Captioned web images
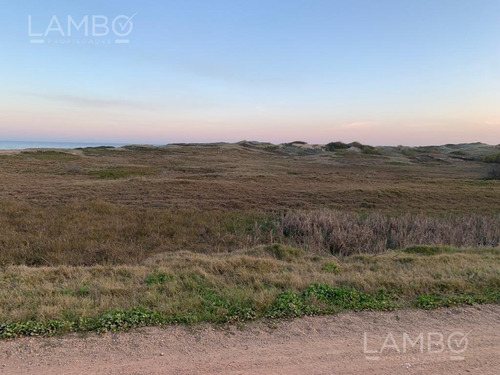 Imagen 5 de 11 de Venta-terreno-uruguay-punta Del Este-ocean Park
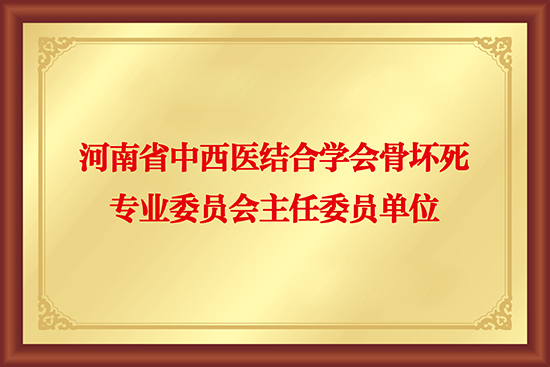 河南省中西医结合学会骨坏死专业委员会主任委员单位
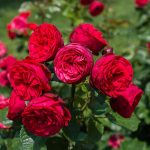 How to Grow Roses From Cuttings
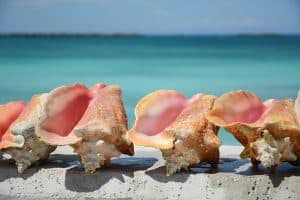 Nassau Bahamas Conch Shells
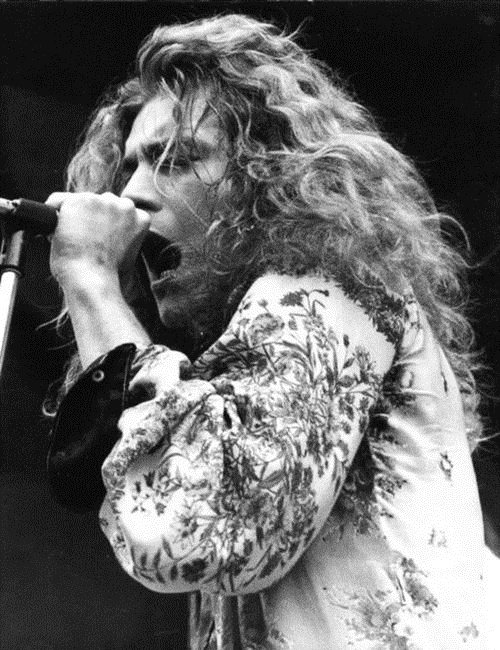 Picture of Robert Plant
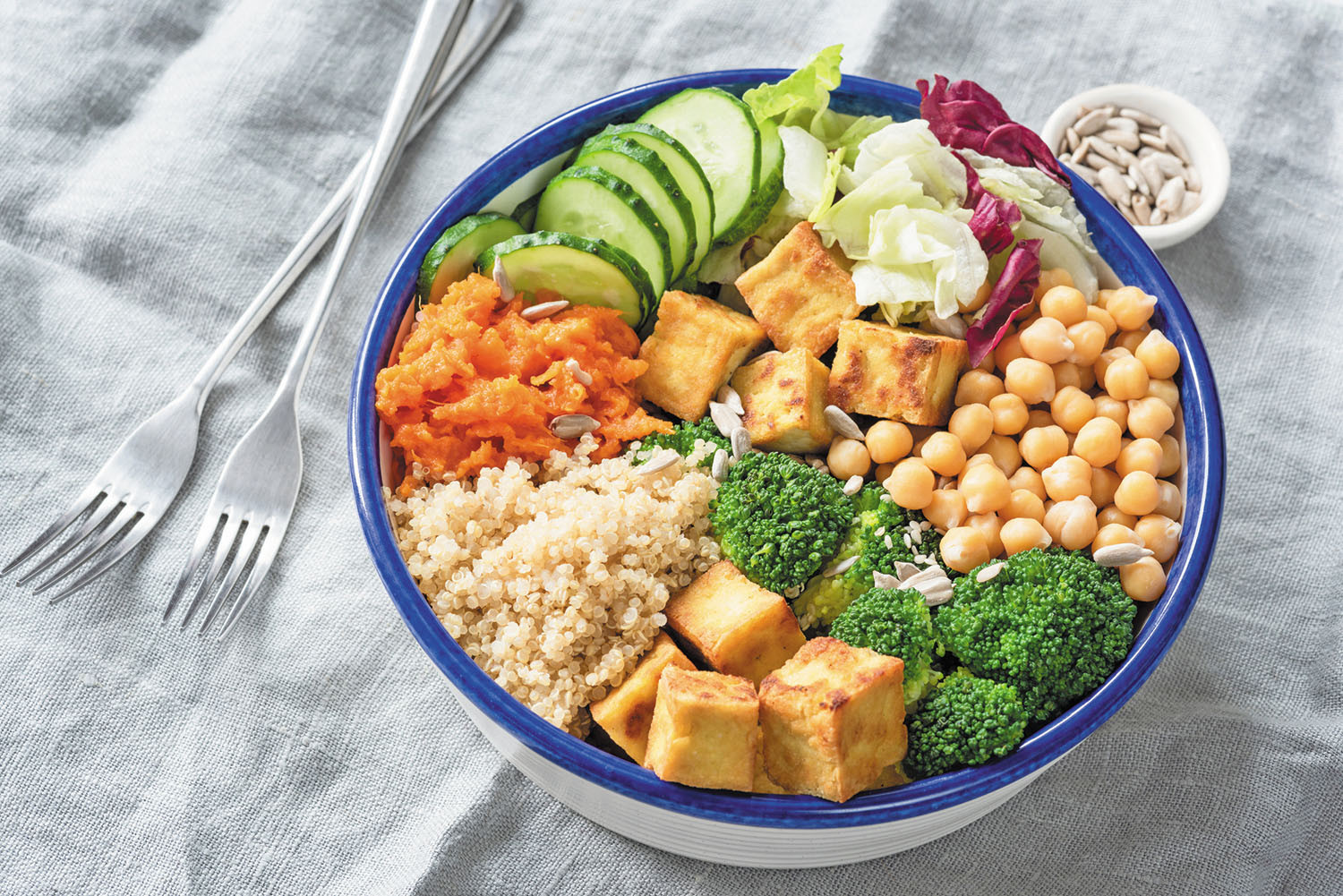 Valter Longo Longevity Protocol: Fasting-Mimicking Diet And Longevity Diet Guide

**ASSIGNMENT:**
Set down the entries shown above once more, exactly as they read, but without pictures.

**ANSWER BOX:**
 Imagen 5 de 11 de Venta-terreno-uruguay-punta Del Este-ocean Park
 河南省中西医结合学会骨坏死专业委员会主任委员单位
 How to Grow Roses From Cuttings
 Nassau Bahamas Conch Shells
 Picture of Robert Plant
 Valter Longo Longevity Protocol: Fasting-Mimicking Diet And Longevity Diet Guide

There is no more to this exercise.